Entrance Desk Data Concierge assisted GTC 2026 guests with navigation and occasion data. | Credit score: The Robotic Report
In simply over a yr, IntBot Inc. has gone from idea to full‑physique humanoids greeting 1000’s of company at NVIDIA’s GTC and in resort lobbies. The Sunnyvale, Calif.-based startup has used 24/7 interplay footage and sentiment evaluation to coach a social intelligence engine that sits on prime of off‑the‑shelf {hardware}.
At GTC 2026, CEO Lei Yang introduced that the firm‘s IntEng “basic social intelligence engine” now helps a number of humanoid and service robots from completely different {hardware} distributors. He mentioned this marked a big step towards hardware-agnostic deployment of socially clever robots in real-world environments.

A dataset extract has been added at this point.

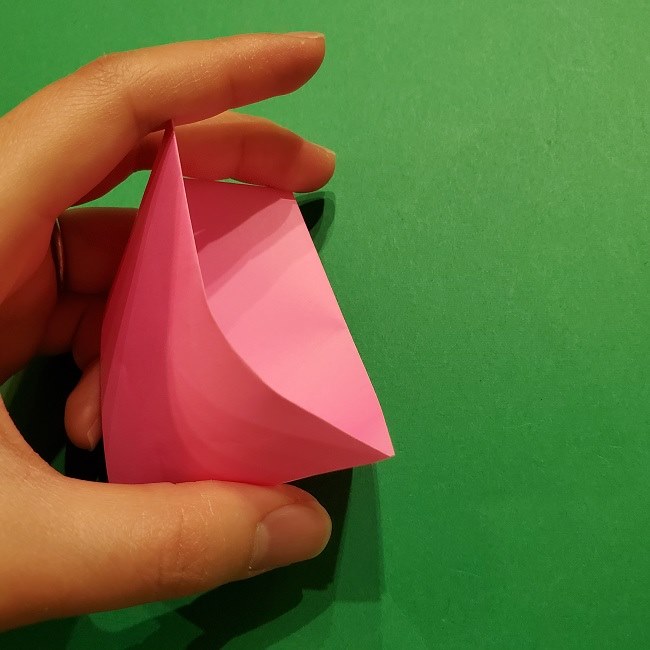 桜の折り紙 器(小物入れ)の折り方作り方 (17)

This full-length view of the IntBot humanoid reveals its ft, though the robotic was stationary and secured to face for its shift on the GTC26 assist desk. | Credit score: The Robotic Report
IntBot additionally showcased the primary edge deployment of the NVIDIA Cosmos Cause-2 vision-language mannequin (VLM) inside its software program stack. Operating immediately on robotic edge compute programs, the mannequin allows robots to carry out real-time scene understanding, permitting them to interpret advanced human environments corresponding to crowded convention areas.
“The primary-generation robotic was a pre-programmed form of motion. However for our robotic, when you had been at CES or watched the movies, all of the feelings are generated,” acknowledged Yang. “So even if you’re not speaking to the robotic, the robotic would reply with some very pure, very refined movement, simply the very facet nodding, to point out ‘Okay, I’m listening,’ and even the form of movement to point ‘I’m alive.’ Every little thing is pushed by our social intelligence.”
Operating immediately on robotic edge compute programs, the mannequin allows robots to carry out real-time scene understanding, permitting them to interpret advanced human environments corresponding to crowded convention areas.
In response to Yang, ItBot’s robots use a type of audio-visual fusion, combining what it hears with what it sees, to raised perceive who within the scene is speaking and what the audio system’ intent is perhaps. This permits the robotic to offer a extra pure interplay with people.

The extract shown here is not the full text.